The union representative, Seamen and Waterfront Workers’ Trade Union (SWWTU) president Michael Annisette

SEAMEN and Waterfront Workers Trade Union president general Michael Annisette said he would not comment on a call by Public Services Association president Watson Duke for public service workers to stay home tomorrow, but called on the public to ask why were there so many problems within Government entities.

Annisette was speaking following Saturday’s call by Duke for all workers to stay home on Tuesday as a show of solidarity with Water and Sewerage Authority (WASA) workers.

Last week, Public Utilities Minis­ter Marvin Gonzales said a Cabinet sub-committee report described WASA’s management structure as “top-heavy”.

WASA currently has 426 managers and 4,803 employees.

Duke said on Saturday that the Government was trying to weaken families, accusing it of destroying “working men with families, leaving them fearful”.

He said he and other union leaders met earlier and declared that Tuesday was a day of solidarity.

The Express also attempted to contact Oilfields Workers’ Trade Union (OWTU) president general Ancel Roget and Banking, Insurance and General Workers Union (BIGWU) head Mario Als, but they did not respond.

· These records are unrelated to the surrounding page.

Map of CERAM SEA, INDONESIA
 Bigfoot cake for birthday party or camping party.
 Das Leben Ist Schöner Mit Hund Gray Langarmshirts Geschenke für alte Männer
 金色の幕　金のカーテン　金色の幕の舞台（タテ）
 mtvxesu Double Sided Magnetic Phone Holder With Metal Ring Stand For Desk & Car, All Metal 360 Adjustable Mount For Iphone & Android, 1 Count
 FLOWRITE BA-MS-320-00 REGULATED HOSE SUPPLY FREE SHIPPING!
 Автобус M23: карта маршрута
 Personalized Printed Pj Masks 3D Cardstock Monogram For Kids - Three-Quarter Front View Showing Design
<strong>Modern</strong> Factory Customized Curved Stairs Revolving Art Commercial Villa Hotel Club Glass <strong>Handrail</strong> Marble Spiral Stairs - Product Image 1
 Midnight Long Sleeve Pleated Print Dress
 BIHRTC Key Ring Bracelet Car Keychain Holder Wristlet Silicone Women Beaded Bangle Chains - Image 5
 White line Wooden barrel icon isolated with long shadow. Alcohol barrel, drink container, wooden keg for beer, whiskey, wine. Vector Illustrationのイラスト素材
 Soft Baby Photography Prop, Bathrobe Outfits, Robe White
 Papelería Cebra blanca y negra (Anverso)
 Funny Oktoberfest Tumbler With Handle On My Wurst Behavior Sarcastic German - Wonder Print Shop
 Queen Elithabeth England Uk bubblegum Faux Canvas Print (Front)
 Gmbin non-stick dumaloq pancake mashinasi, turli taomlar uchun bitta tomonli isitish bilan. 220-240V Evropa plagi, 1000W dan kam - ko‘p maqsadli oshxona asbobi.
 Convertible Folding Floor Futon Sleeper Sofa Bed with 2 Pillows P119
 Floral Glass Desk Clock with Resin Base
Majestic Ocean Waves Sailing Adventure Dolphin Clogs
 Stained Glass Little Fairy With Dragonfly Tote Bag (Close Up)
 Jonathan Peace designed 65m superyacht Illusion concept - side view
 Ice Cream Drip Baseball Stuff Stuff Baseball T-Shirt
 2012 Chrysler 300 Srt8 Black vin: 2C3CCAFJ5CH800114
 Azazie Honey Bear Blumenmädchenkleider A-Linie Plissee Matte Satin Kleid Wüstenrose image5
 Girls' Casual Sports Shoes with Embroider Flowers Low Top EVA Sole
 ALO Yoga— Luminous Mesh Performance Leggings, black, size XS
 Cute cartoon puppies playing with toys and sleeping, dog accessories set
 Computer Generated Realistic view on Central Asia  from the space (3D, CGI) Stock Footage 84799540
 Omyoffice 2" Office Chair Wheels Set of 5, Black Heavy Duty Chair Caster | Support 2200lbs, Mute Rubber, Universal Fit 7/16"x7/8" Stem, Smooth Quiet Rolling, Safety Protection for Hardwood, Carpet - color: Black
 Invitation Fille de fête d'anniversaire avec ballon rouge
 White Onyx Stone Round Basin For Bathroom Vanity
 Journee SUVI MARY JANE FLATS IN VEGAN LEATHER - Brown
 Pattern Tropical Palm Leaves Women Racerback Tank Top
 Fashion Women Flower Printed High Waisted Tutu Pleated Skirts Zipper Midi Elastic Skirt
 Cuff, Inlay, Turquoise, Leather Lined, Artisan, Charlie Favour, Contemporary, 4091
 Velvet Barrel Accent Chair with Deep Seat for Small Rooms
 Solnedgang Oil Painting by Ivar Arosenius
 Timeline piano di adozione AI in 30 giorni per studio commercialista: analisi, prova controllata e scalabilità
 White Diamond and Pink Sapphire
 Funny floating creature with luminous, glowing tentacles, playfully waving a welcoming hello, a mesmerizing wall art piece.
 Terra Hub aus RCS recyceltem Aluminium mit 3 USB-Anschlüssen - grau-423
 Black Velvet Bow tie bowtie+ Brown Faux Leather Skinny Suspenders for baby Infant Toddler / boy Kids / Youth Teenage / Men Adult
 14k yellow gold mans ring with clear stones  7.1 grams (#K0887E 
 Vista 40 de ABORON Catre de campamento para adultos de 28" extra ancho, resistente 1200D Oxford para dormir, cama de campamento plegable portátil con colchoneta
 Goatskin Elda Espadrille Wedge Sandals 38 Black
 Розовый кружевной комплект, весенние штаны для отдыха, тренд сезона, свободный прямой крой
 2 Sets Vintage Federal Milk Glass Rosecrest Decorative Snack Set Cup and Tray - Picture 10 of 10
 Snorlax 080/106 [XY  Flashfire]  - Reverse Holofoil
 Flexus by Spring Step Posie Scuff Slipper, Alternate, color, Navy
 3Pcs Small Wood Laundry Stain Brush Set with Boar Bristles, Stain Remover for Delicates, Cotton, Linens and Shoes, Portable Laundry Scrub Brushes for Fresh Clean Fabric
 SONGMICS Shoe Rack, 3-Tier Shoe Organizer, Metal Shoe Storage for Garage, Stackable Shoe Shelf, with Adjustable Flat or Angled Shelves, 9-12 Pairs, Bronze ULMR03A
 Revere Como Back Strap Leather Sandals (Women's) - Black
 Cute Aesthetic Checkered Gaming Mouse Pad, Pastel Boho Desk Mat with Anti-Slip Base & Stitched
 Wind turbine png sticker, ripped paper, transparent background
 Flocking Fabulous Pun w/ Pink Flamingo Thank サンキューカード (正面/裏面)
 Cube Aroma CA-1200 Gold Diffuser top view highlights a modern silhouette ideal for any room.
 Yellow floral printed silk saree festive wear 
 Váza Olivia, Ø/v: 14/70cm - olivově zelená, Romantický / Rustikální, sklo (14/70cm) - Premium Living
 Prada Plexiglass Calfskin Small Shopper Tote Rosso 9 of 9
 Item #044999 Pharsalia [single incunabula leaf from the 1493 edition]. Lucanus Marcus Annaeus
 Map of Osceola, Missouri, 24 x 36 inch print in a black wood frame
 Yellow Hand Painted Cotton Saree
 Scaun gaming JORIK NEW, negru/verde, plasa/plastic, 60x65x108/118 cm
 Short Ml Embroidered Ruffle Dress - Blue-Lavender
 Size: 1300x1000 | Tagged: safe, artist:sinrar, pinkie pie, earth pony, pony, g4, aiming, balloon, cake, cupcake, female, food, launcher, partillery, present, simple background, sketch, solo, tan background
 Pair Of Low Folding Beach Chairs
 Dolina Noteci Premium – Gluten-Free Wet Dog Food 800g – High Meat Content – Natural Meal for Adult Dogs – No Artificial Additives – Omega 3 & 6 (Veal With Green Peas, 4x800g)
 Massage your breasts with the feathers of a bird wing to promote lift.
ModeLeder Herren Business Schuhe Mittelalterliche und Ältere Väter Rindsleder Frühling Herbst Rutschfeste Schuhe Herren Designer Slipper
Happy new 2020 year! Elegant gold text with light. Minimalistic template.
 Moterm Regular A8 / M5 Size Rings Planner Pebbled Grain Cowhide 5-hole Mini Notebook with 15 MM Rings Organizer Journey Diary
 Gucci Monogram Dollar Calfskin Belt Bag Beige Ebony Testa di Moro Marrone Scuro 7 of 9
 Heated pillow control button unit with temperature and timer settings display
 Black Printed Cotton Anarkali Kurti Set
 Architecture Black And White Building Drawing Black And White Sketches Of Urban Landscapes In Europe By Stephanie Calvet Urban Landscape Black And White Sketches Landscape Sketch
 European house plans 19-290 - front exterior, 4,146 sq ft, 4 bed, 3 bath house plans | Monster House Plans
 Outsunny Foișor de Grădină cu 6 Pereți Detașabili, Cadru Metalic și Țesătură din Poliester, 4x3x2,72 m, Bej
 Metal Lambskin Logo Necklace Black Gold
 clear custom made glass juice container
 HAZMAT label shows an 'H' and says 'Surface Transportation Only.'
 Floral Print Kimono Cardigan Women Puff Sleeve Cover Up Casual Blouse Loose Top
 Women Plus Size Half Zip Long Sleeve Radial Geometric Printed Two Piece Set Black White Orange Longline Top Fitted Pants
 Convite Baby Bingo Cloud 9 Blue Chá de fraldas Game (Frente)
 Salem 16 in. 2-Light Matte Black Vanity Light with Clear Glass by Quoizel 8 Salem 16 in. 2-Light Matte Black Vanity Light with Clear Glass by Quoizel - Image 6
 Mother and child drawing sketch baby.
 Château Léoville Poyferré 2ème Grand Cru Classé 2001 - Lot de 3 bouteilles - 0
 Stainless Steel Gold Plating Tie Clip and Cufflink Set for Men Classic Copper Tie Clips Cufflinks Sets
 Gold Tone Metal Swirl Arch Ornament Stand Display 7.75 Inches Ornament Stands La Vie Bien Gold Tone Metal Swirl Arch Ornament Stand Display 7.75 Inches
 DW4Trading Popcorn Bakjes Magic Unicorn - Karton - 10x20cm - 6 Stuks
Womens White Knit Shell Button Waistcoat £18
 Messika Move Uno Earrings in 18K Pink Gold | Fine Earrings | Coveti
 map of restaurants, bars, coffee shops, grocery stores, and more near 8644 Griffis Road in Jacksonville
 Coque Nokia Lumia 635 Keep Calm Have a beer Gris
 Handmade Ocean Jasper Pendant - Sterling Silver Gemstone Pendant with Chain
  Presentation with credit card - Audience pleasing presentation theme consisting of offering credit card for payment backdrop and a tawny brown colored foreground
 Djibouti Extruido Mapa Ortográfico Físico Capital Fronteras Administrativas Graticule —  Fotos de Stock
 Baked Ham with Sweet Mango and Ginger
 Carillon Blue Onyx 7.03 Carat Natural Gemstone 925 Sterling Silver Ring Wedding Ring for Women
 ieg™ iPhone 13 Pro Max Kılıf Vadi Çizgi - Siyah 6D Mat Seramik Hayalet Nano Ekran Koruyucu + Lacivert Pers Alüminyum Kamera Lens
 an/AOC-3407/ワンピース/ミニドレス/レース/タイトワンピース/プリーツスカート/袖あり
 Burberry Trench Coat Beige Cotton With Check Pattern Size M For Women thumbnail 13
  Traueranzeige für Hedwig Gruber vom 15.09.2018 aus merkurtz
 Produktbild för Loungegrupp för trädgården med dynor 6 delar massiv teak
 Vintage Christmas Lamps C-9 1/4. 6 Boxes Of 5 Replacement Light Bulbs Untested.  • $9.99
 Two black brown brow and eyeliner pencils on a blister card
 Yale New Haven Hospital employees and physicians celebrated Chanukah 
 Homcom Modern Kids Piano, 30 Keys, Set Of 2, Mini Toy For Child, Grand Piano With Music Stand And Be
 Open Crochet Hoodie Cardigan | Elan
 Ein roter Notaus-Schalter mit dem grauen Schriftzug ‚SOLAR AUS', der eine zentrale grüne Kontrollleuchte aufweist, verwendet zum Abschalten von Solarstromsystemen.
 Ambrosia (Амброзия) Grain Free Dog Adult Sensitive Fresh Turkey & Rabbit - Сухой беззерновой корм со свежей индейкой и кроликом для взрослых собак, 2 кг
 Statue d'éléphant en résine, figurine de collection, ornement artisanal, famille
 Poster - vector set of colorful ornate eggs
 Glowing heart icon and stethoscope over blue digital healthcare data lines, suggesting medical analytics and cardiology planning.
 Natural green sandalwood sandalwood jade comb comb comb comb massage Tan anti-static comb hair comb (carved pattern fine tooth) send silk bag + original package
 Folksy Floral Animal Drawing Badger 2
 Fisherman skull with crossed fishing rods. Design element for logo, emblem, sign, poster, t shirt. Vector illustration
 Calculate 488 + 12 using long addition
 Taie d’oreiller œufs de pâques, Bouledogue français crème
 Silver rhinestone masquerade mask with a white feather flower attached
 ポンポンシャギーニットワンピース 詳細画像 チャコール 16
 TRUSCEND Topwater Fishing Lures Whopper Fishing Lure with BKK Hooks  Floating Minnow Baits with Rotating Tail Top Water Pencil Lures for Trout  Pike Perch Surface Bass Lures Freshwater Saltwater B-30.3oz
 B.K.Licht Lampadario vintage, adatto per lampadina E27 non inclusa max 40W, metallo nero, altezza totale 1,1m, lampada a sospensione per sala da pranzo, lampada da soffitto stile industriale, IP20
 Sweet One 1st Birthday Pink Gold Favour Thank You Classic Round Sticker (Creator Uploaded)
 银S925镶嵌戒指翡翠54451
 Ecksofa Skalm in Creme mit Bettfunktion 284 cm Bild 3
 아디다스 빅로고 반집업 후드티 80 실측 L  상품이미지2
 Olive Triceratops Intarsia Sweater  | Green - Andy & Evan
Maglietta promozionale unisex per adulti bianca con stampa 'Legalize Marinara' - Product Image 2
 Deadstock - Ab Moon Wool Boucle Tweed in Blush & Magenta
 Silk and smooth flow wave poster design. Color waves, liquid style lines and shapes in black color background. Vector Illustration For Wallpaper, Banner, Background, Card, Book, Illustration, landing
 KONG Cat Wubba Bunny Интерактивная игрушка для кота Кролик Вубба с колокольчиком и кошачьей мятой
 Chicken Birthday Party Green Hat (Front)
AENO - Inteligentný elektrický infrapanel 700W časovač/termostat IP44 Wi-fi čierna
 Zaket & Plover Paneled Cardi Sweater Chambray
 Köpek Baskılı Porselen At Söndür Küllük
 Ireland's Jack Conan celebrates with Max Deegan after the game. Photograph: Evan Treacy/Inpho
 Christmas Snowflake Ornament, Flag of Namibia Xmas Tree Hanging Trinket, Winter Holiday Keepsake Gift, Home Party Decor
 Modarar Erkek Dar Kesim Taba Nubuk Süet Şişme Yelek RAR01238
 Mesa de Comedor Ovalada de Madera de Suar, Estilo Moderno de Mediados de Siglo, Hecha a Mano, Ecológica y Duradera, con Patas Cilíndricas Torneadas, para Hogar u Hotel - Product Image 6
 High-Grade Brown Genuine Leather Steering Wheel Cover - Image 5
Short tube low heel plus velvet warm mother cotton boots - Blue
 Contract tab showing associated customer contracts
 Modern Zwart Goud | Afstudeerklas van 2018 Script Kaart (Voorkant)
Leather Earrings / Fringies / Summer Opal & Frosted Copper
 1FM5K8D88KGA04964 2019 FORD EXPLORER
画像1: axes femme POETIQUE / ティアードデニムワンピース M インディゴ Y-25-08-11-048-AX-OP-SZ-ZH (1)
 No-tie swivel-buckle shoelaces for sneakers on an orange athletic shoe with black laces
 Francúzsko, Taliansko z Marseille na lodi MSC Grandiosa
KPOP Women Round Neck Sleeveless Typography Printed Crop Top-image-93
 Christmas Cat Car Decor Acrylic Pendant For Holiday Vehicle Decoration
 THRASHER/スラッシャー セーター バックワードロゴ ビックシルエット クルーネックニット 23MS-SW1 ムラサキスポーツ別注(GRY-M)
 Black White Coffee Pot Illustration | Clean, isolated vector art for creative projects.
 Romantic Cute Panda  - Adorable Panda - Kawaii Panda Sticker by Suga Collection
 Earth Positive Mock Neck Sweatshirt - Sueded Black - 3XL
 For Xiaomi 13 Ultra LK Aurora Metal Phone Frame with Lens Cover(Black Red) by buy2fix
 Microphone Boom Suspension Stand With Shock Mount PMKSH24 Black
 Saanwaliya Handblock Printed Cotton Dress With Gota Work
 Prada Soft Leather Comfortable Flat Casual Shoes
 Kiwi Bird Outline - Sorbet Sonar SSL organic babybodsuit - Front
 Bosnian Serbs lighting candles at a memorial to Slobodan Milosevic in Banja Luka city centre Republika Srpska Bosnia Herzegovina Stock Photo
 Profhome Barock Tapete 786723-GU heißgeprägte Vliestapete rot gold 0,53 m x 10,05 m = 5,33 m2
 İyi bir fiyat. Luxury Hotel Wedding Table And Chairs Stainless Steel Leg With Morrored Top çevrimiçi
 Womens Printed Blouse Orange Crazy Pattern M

Although Annisette would not say yes or no to supporting Duke, he slammed Government’s handling of WASA, saying it should have engaged the unions while examining the operations of the State entity.

Besides being overstaffed, the Cabinet report added that WASA’s management had “ceded control of the authority to the unions, to the point where the union had now effectively subsumed many of management’s responsibilities”.

“The fact that the Government appointed a committee to look into WASA without engaging the unions, I thought was rather insensitive and it demonstrates a fundamental breach of natural justice,” said Annisette.

He said that Gonzales’ criticism of WASA management and the employees “had no place in modern society as workers and the union must be given an opportunity to defend themselves”.

“I think the question that the public has to ask is why is it that we have so many problems within government entities. Is it because of the unions, management? What is responsible and no one is asking these fundamental questions,” he added.

“WASA would have gone through transitions already but we still have a perennial problem of non-delivery of an efficient and productive service to the general population.”

Annisette accused Government of hiding behind workers and unions, adding that the country needed a fundamental change where “discipline, production and tolerance becomes a reality”.

“This economy will not survive on old talk but discipline, because we have to transform and get rid of these same politicians who get jobs for their friends,” he said.